Six months after the accident he didn’t go home. Instead, he moved into their cabin at Shadow Mountain Lake and hired an attorney to file for divorce.
At the hearing, Simone had pleaded with him not to go through with it. She told him she knew it was an accident; as much her fault as his and that she knew how much stress he was under. If it wasn’t for her insisting on him staying, the accident would never have happened; did he see what that meant? That it was as much her fault as it was his. He ignored her plea to give it one last try and, just like that, they were divorced.
Fifteen
Jim stood outside the door to his daughter’s room; his hand was shaking visibly as he reached for the knob. The guilt of almost twenty years came rushing back to him. As he eased the door open, he half expected to see his daughter sitting on her bed, dead eyes peering out from behind a matted curtain of blood encrusted blond hair, to hear her say through a mouth clogged and matted with gore, “Daddy, why did you kill me?”

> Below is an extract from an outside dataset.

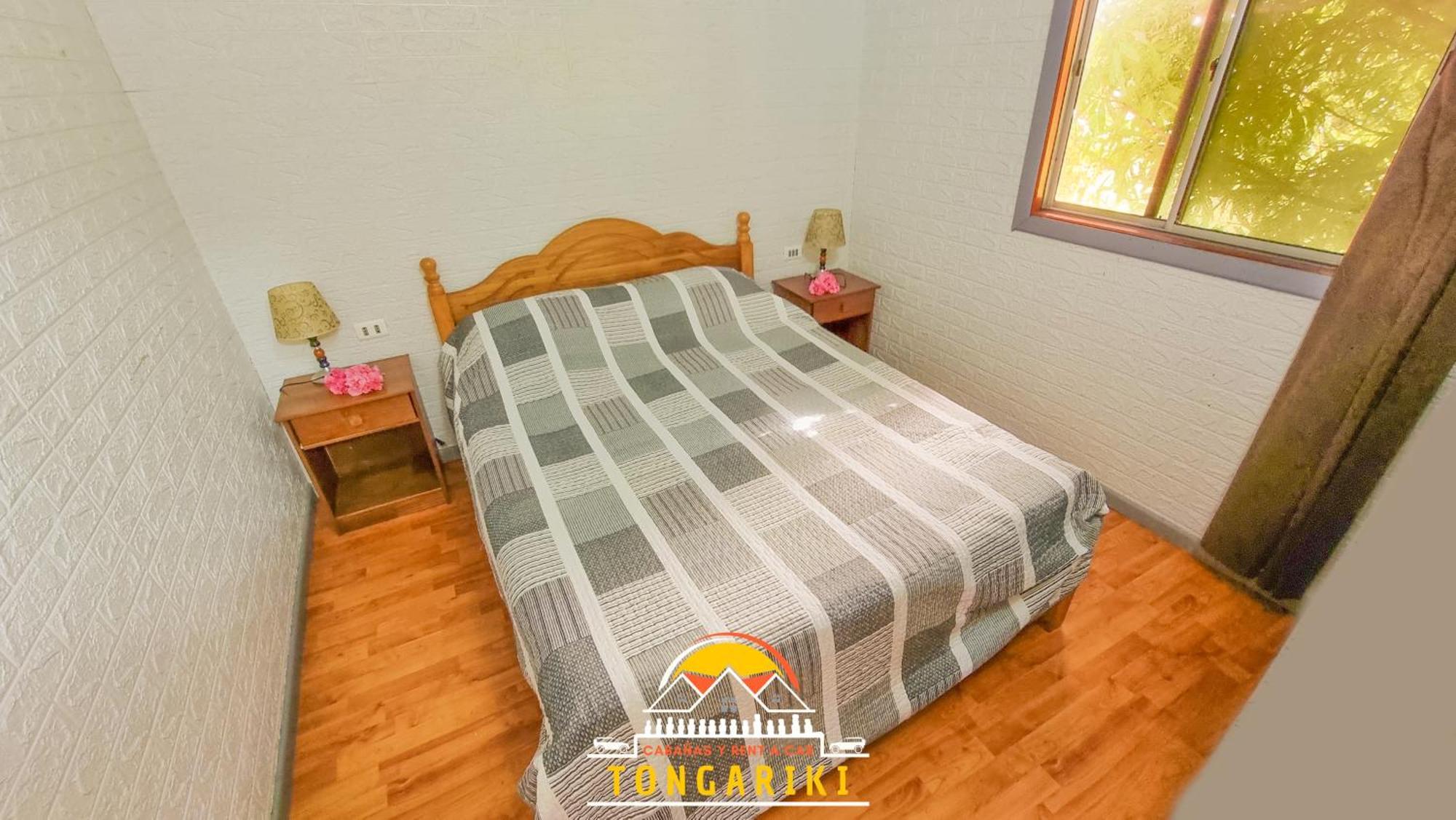 Cabana Tongariki Hanga Roa Exteriér fotografie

But Lark’s room was empty.
After the accident, they had cleared the room out. Donated most of her toys and clothes to a charity, the rest had gone to family and friends as mementos. Simone had objected at first but eventually she had submitted to him and they had removed all that had made the room Lark’s. He scrubbed it clean of any memory of her in a vain hope that removing the constant reminders of his little girl might in turn, help him overcome his grief and self-loathing.
Standing here now, her room restored and the accident still so far away yet so keenly remembered, brought back the ache of absence for his daughter. Her bed neatly made, a cuddle of soft-toys collected on the pillows. Her books and DVD’s resting in racks against one wall. A boom box sat high on a shelf; below it, her TV.